Work to be completed:
The required answer is the run of lines from the one holding "Item preview, Droste" to the end of the data below, copied exactly and free of pictures.

————

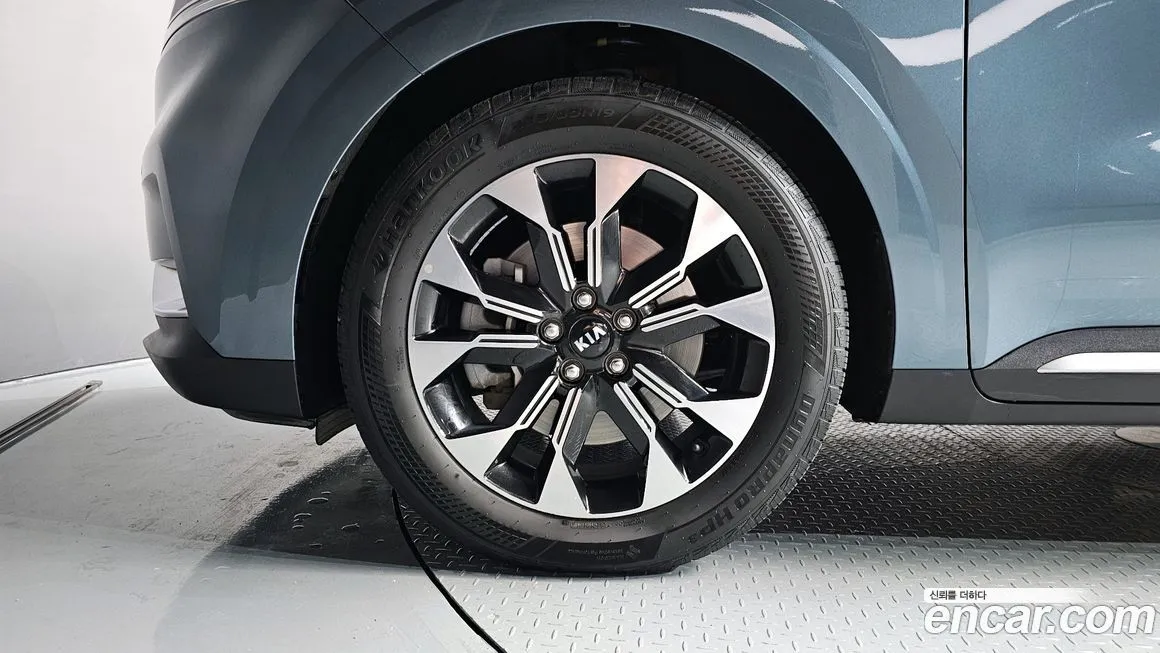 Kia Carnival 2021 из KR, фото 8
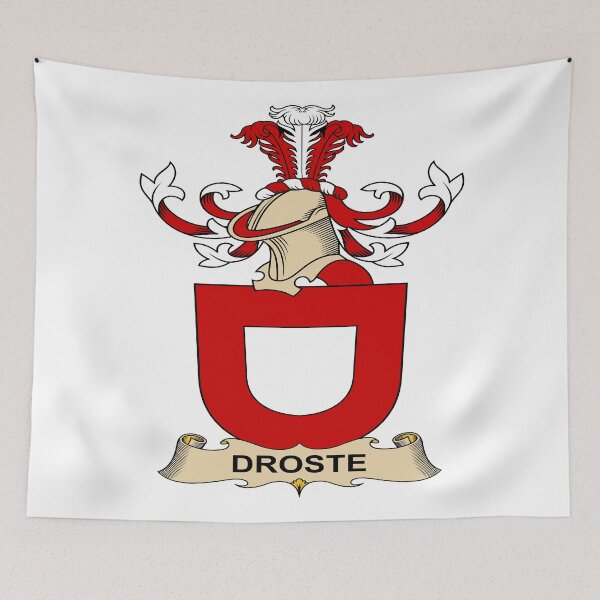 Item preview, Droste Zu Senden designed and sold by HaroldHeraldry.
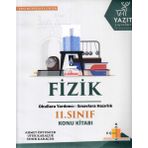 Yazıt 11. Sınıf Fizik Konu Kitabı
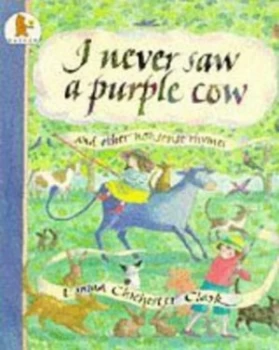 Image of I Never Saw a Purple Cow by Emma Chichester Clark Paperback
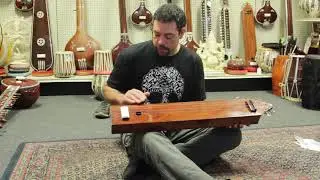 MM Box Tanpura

————

Written response:
 Item preview, Droste Zu Senden designed and sold by HaroldHeraldry.
 Yazıt 11. Sınıf Fizik Konu Kitabı
 Image of I Never Saw a Purple Cow by Emma Chichester Clark Paperback
 MM Box Tanpura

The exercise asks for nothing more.